# What needs to be done:
Copy each line of the listing below exactly and drop the images.

─── Material provided ───

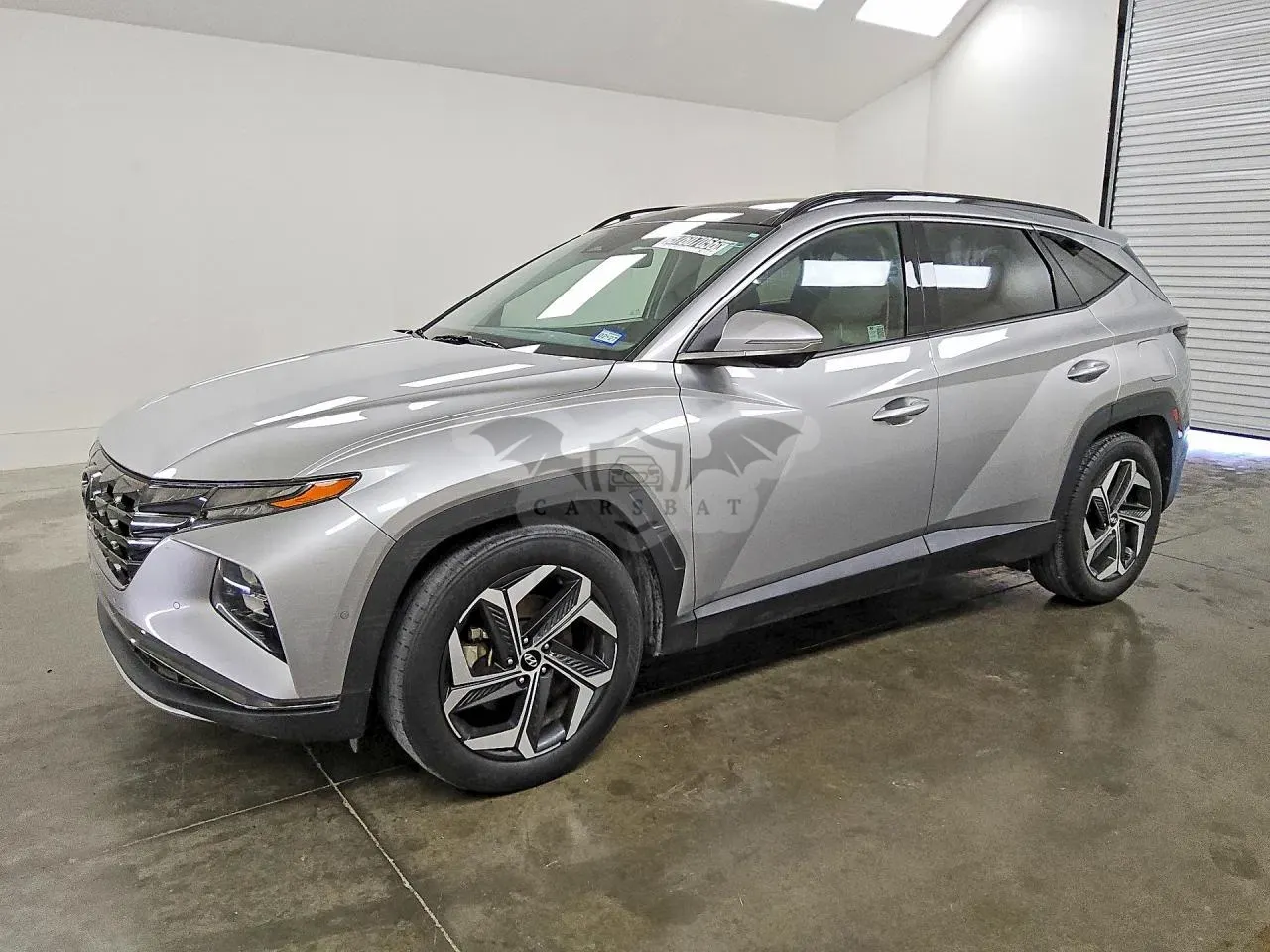 Hyundai Tucson 2.5L 4 2024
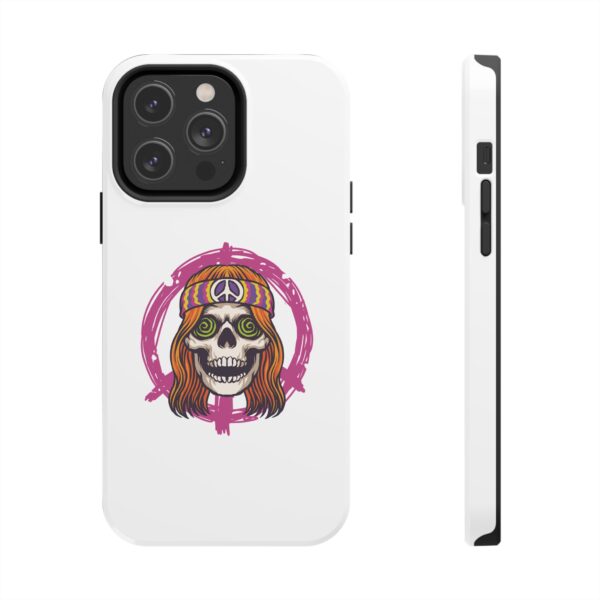No. 105 - Endless Trip iPhone Case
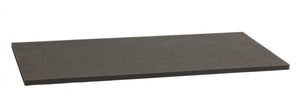 600 mm x 400 mm x 20 mm Foam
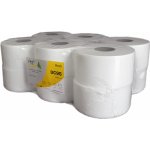 Alf papier Jumbo toaletní papír 3C95 3-vrstvý 12 ks – Zboží Mobilmania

───

# Task result:
 Hyundai Tucson 2.5L 4 2024
No. 105 - Endless Trip iPhone Case
 600 mm x 400 mm x 20 mm Foam
 Alf papier Jumbo toaletní papír 3C95 3-vrstvý 12 ks – Zboží Mobilmania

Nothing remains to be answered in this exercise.